Tables 3 and 4 show the effluent quality parameters for the second week of filtration. The results indicated good removal efficiencies for the monitored physicochemical (COD, TSS, BOD, TDS, turbidity, ammonia), microbial (total coliform, E. coli), and heavy metal concentrations (Cu, Cd, Zn, Fe, Pb, As). Some of the concentrations, however, showed a decline in percentage reduction compared to the first week of the laboratory setup. The trend in the decrease of efficiency could be linked to a potential decrease in adsorption capacity with an increment in the amount of influent treated by the setup. Even though there was a slight decline in the percentage efficiency of some of the parameters from week 1 to week 2, the result for week 2 was still statistically significant relative to the effluent from the wastewater treatment at 95% CI (Tables 5 and 6). Moreover, just as it was observed in week 1, parameters like pH, ORP, and DO showed no significant difference in terms of treatment in week 2.
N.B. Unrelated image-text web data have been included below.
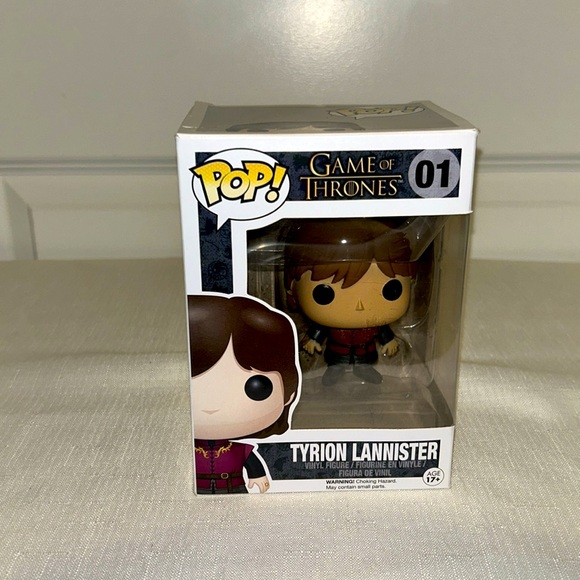Game Of Thrones Funko Pop #01 Tyrion Lannister New In Box Edition 1 - Picture 7 of 7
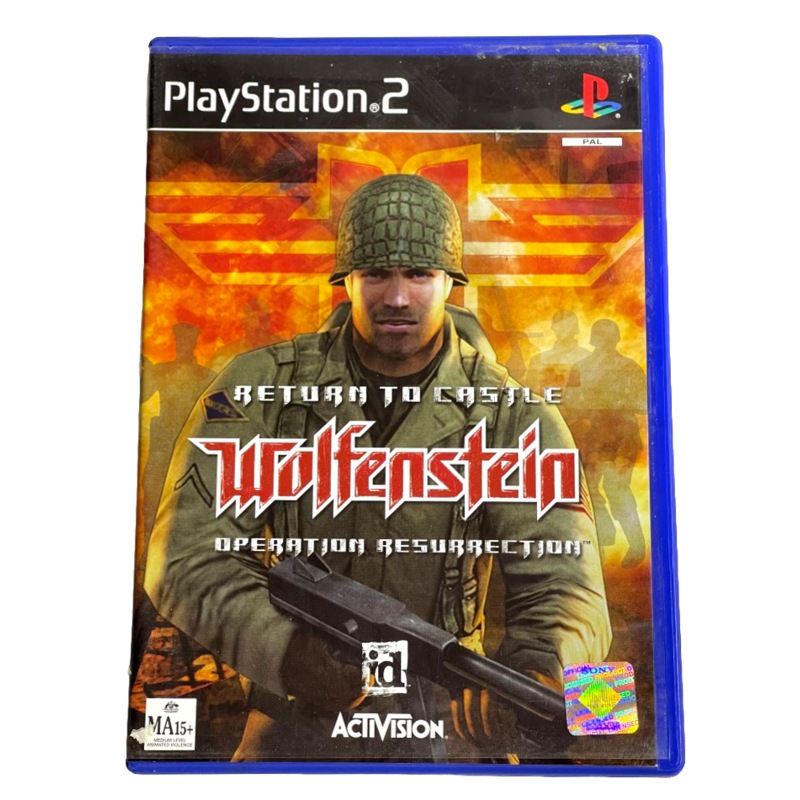 Buy Return To Castle Wolfenstein Operation Resurrection PS2 PAL *No ...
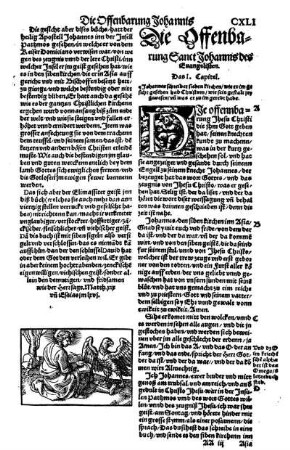 Die Offenbarung Sanct Johannis des Euangelisten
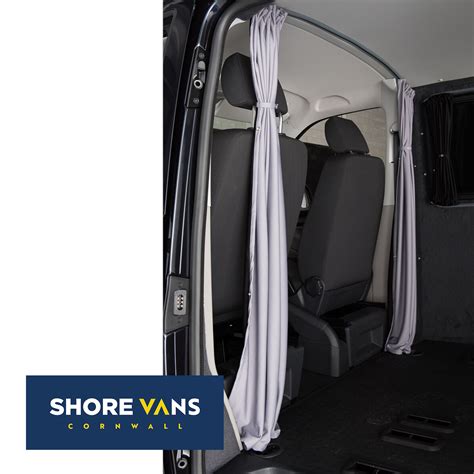 Vw Transporter Cab Divider T5 T51 T6 Blackout Curtain Grey Ebay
Considering the decline in the percentage reduction in some of the monitored parameters from week 1 to week 2, it was noted that the effluent from the wastewater treatment plant was showing variations in almost all monitored parameters (Table 5). The variations were seen to be significant at 95% CI and contributed to the decline in the percentage reduction in some of the parameters, like COD, in the second week of the experiment. Again, accounting for the slight reduction in some of the pollutant load removal in week 2, it was observed that the extremely high removal of the suspended solids in the influent of the laboratory-setup (thus effluent from the wastewater treatment plant) contributed to the trend as the surface activity of DFSAC could potentially decline due to blockage by the adsorbed solids in the water. This trend presupposes that to have the DFSAC perform continuously for a reasonable period of time to achieve its consistent efficacy on a large scale, there is a need to trap some of the suspended solids before they enter the DFSAC media column. This observation was taken into consideration during the setup of the large-scale setup for optimum operation.
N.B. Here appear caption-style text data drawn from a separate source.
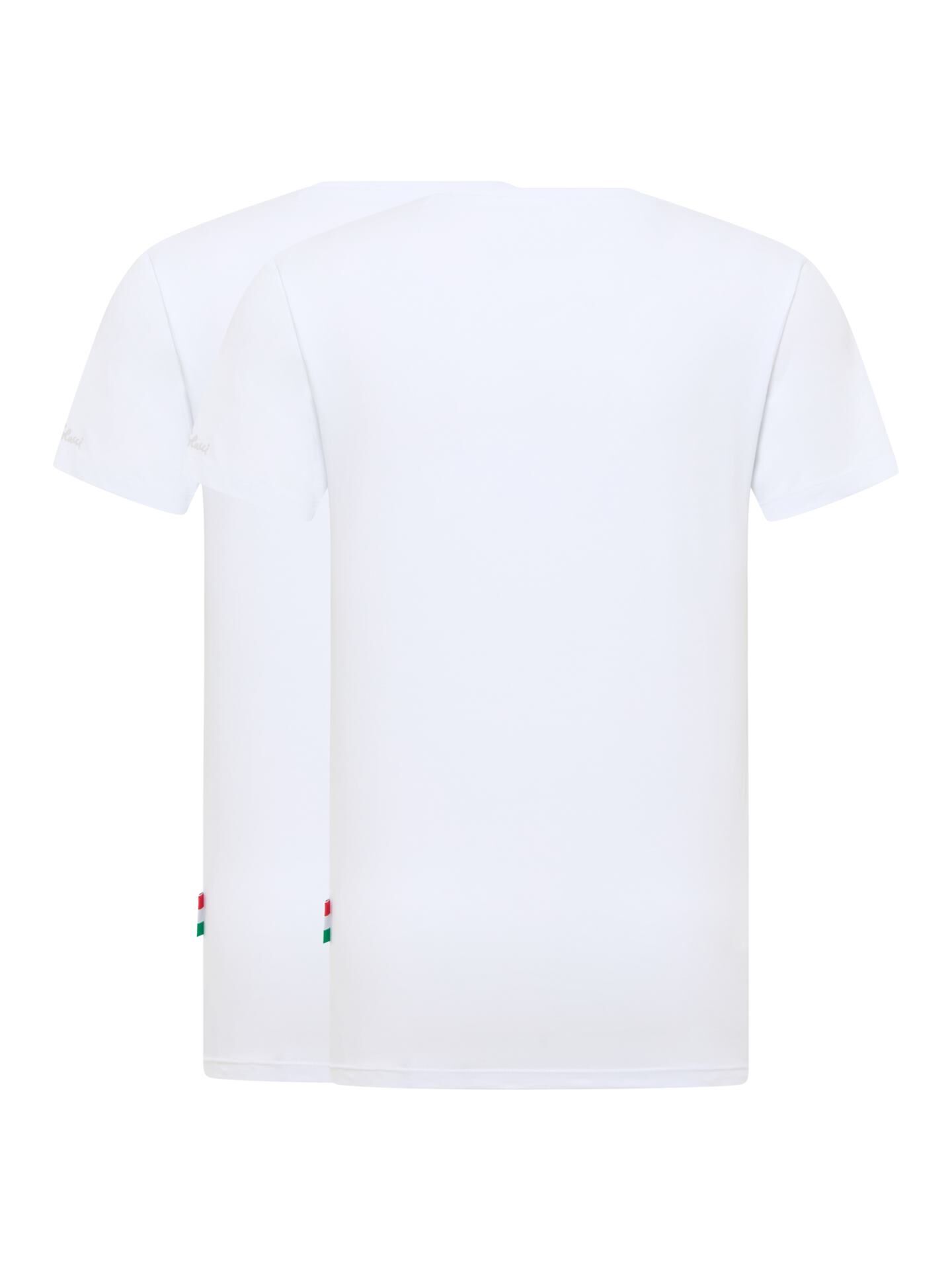 Rundhals T-Shirt, 2er Pack
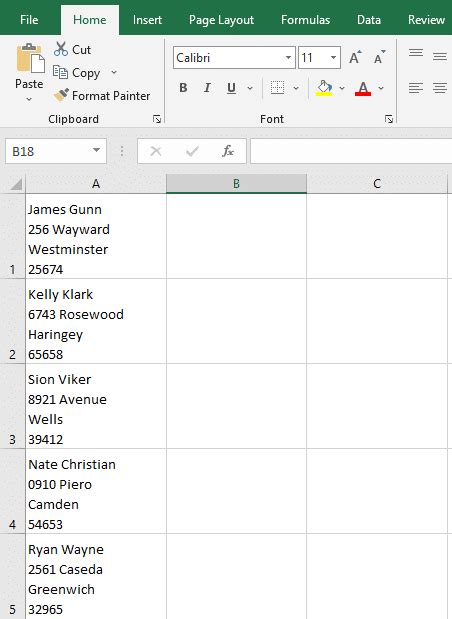 Convert Labels into Excel Spreadsheet 的图像结果
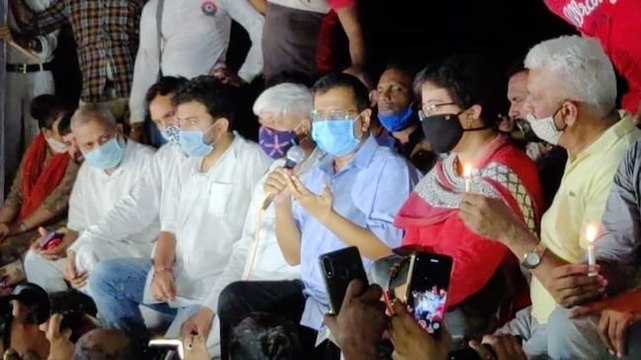 Hathras case: We appeal UP govt to mete out capital punishment to the accused, says Delhi CM Kejriwal at Jantar Mantar protest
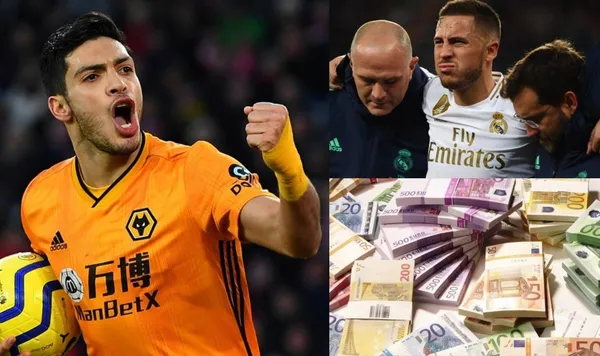 El mexicano Raúl Jiménez está en el top 100 del mundo, supera a Eden Hazard, pero la diferencia de sus salarios es enorme, así se demuestra que en Wolves no lo valoran.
Municipal tap water flowing in the laboratory where the experiment occurred was used as a control for the experiment. The intent or motivation for the use of tap water was not to compare the effluent of the setup with drinking water but to serve as a guide for a possible determination of fouling of the media (DFSAC). Table 6 shows the mean results obtained from the analysis of monitored parameters of the control and the effluents obtained at weeks 1 and 2 of the lab-scale setup.
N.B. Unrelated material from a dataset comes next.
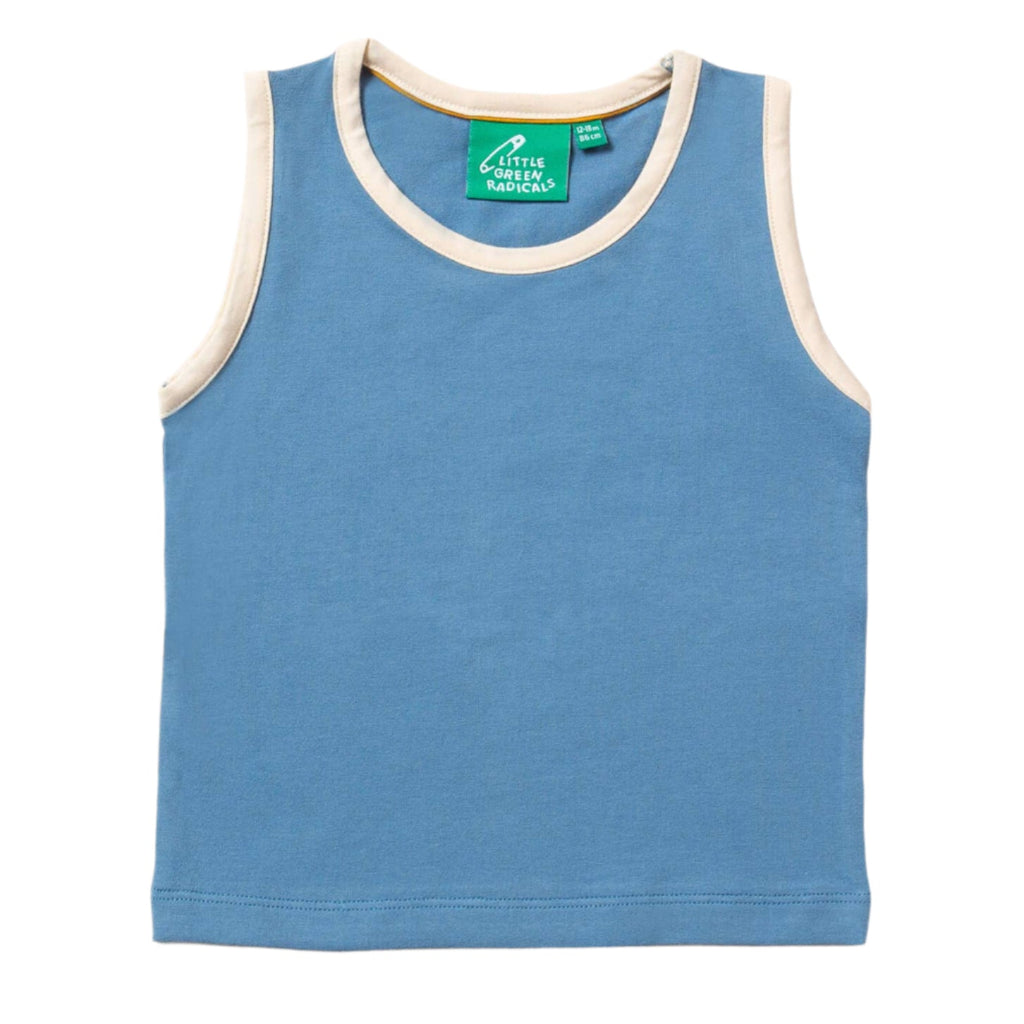 Tank top 3-pack- blue/gold stripe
The mean comparison from Table 6 showed that the lab-scale setup effluent at week 1 recorded a much better COD level in this study than the control samples. A similar trend was also noted for turbidity, colour, ORP, and DO. The BOD recorded in week 1 was high compared to the control sample. The same trend was also seen in other parameters like TDS, EC, ORP, NH₃, TC, and E. coli. The TSS recorded in Week 1 was found to be the same as the one recorded for the control sample. As highlighted in the aforementioned discussions, the performance of the DFSAC declined in week 2. Again, in the comparison of the monitored quality parameters to the control sample, the results were, however, higher. It is important to highlight that, after the application of hypochlorite at a concentration of about 4–6 ppm to the effluent obtained from the laboratory setup for both weeks, no microbial load (total coliforms and E. coli) was measured in the final effluent.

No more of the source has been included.